Memories are a funny thing. I can go back to the towns where I grew up and suddenly remember names or events that I haven't thought about in years. It's strange, however, to realize that no one else has those reference points. The trips picking flowers with my mother and my grandmother, the trips to the plum orchard, the trips in the jeep with a pig or a calf tied up in the back reside only in my memory. All of the other participants are gone. I feel this most acutely when I sit around with my husband and his siblings and they remember their growing up years with stories. Their parents are gone, but all of them are still there to fill in the pieces of a story. In a sense they can still go home again. I can't. That's the long and short of it.
Now I'm not the only person for whom that is true. I know young adults whose families have been torn apart by divorce or death, whose childhood home is likewise out of reach. I know people whose families never really settled in even a particular part of the country. All of this serves to reinforce the idea that we have on earth no permanent dwelling, that our true home is elsewhere. Still when you grew up with strong roots it sometimes feels odd to know that the physical roots and the people who gave you the roots are no longer here. The roots remain, but they remain planted within me. Hopefully I have passed much of those roots along to the next generation, but sometimes I wonder. When I have discussions where I'm told that the things I cherish are no longer true, no longer practical, are now unrealistic, I wonder whether I've passed on much at all.
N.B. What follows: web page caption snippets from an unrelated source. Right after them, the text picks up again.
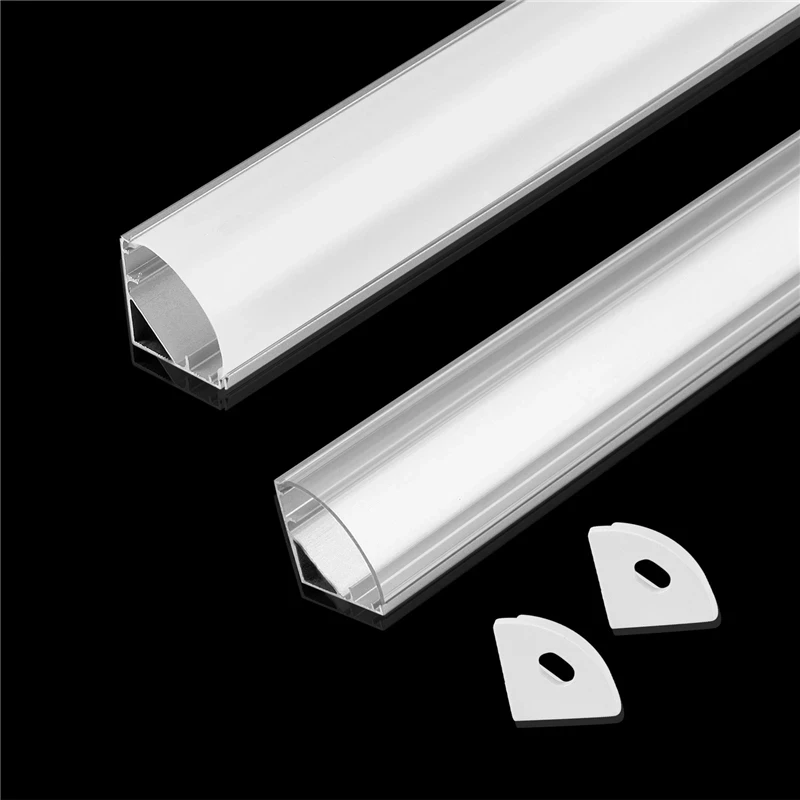 

1M LED aluminum chann 45 degree angle aluminum profile for 5050 3528 5630 LED strips Milky white/transparent cover strip channel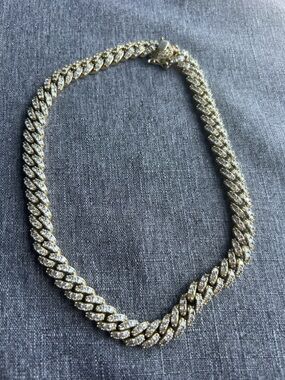 14K Gold Plated Cuban Link Chain 15 1/2 ‘’  Weight : 78 Gram With Stones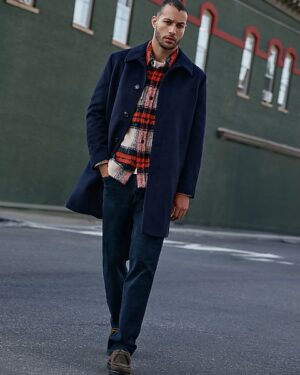 Navy Wool-Blend Topcoat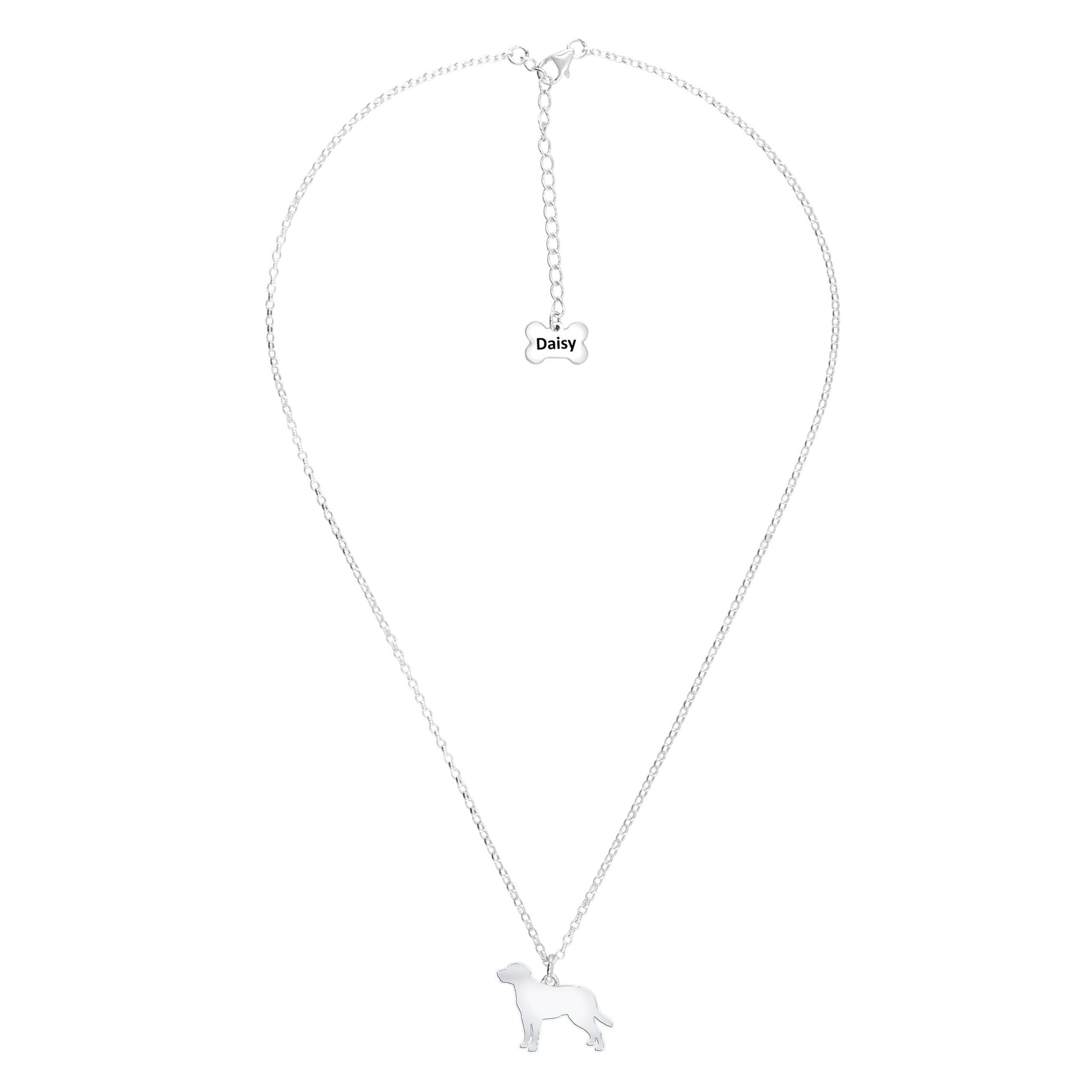 Entlebucher Mountain Dog Silhouette Silver Necklace - Personalised - MYLEE London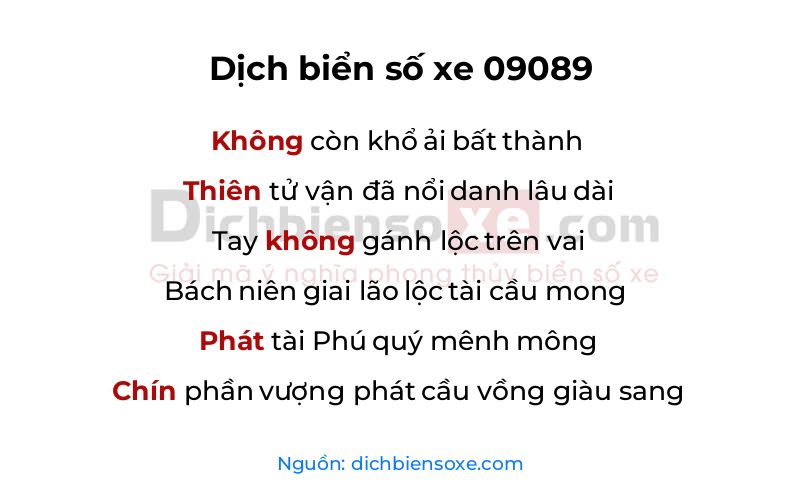 Dịch thơ biển số 09089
This week I'm back doing the canning department at Rutland Fair. The entries are down this year, not just in my department, but all over the fair. It looks as if a whole generation failed to pass things on. Sometimes it feels like those of us who continue to do this are merely dinosaurs who have lingered on past our time. Yet, we continue to believe that there will come a day when the skills we are encouraging will be valued again. I take some comfort from the fact that knitting has made a comeback. Even at the fair there's been more knitting the last few years. Spinning has made a comeback, there are far more spinners out there than there were 40 years ago. Perhaps the other home arts are simply lagging behind. There will come a day when petrochemical prices go high enough that buying petrochemical based fabrics made into clothes in factories half a world away won't be cost effective anymore.
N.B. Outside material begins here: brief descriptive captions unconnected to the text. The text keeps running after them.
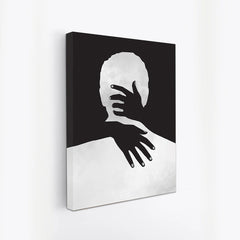 Abstract Love & Connection Canvas Painting Bold Monochrome Silhouette Artwork for Wall Decoration Elegant Modern Art Stretched Wall Paintings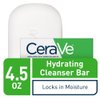 CeraVe Hydrating Cleanser Bar - Soap-Free Body and Facial Cleanser with 5% Cerave Moisturizing Cream - 4.5 Ounce Bar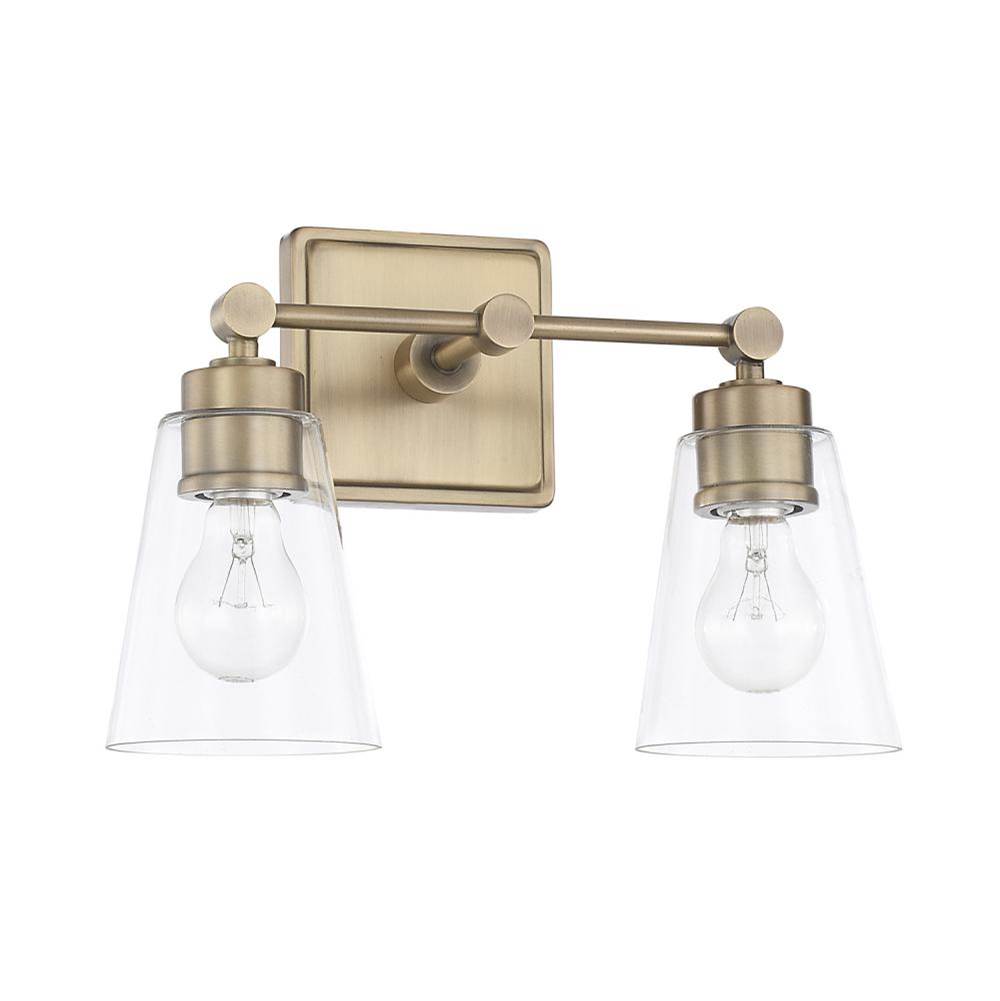 Capital Lighting Rory 14'' W X 10'' H X 7'' E 2-light Vanity In Aged Brass With Clear Cone Glass Shades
Of course when I'm really discouraged I remember how difficult it was for my mother to instill these particular values in me. At 16 I was determined to have all new store bought stuff when I grew up. I thought farming was a stupid way to live. I hated canning, I couldn't knit, and my sewing was barely passable. The amount of time I spent complaining about picking raspberries and about the number of times they were served a week now makes me shake my head in disbelief. Growing roots, effecting values, are not the work of a day and sometimes you have to be in the right situation to finally appreciate what you've been given.
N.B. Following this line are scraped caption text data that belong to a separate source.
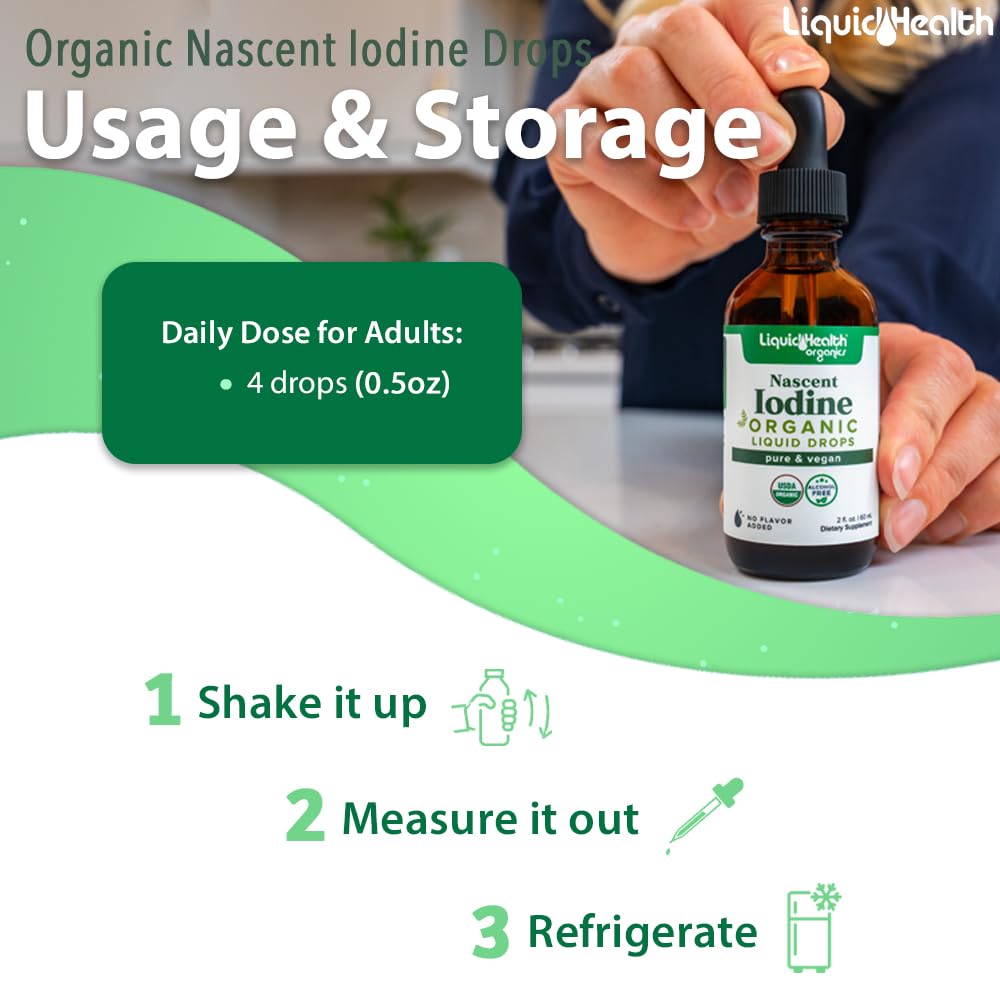LIQUIDHEALTH organic iodine drops amber bottle protects potency and shelf life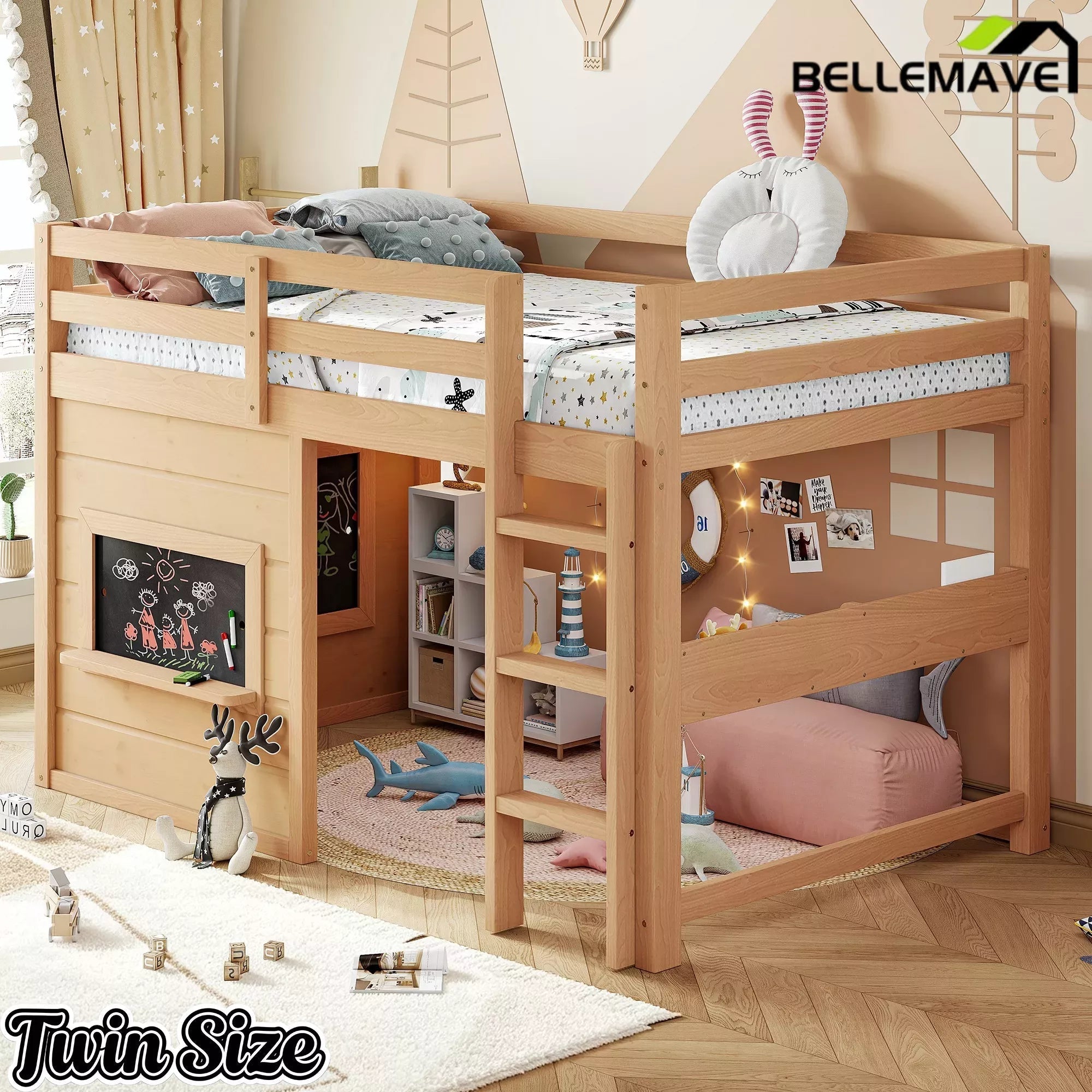 Bellemave® Twin Size Low Loft Bed with Storage Shelves for Kids,Kids Low Loft Bed Frame with Chalkboard and Bookshelf for Boys,Girls,Solid Wood,Gray - Bellemave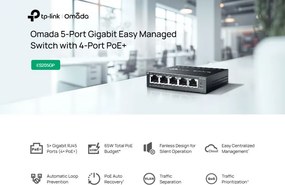 TP-LINK easy managed switch ES205GP, 5x Gigabit θύρες, PoE+, V1.0
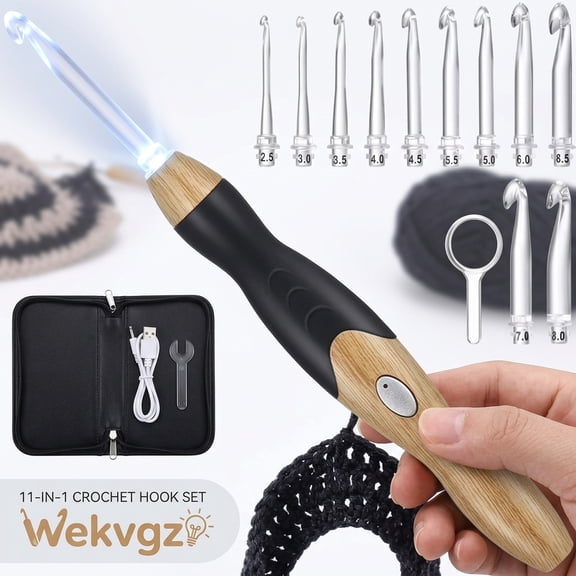 Wekvgz Lighted Crochet Hooks Set Portable Crochet Needles Adjustable Light Up Crochet Hooks Comfortable Lighted Crochet Needles Kit Rechargeable Crochet Hook for Craft Supplies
So, like the generations before me who raised me in places I can no longer go, I will continue to encourage, pontificate, and attempt to challenge the notions of our media brainwashed culture. After all: "All that is gold does not glitter, not all those who wander are lost, The old that is strong does not wither, Deep roots are not reached by the frost." So I may feel like I've wandered a bit, but the roots remain as do the memories.
1 Comments:
What a lovely post, Liz. Thank you.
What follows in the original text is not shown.